### Activity
Would you please copy the part of the material below that opens with the line containing "Jaroslav Horák má" and closes with the line containing "3rd image of 1450 Brickell Bay Dr APT 2014"? Copy it exactly, and only it.

### Records supplied

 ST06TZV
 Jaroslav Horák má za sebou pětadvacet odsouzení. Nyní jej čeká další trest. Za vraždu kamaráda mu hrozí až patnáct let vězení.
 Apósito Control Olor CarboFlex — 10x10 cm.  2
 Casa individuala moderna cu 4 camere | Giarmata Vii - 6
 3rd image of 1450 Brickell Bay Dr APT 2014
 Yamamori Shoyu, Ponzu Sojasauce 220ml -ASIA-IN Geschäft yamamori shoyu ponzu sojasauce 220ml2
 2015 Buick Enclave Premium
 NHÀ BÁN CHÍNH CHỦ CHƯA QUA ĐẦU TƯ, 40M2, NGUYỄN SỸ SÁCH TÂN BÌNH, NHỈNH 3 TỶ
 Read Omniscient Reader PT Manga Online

* * *

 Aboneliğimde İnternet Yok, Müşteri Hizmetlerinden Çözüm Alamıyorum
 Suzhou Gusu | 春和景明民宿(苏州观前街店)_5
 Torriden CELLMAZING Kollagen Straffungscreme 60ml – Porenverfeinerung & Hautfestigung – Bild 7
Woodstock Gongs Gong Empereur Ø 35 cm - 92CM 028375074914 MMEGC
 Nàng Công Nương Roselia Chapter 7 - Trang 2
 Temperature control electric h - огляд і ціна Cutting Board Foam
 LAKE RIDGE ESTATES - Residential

### Response
 Jaroslav Horák má za sebou pětadvacet odsouzení. Nyní jej čeká další trest. Za vraždu kamaráda mu hrozí až patnáct let vězení.
 Apósito Control Olor CarboFlex — 10x10 cm.  2
 Casa individuala moderna cu 4 camere | Giarmata Vii - 6
 3rd image of 1450 Brickell Bay Dr APT 2014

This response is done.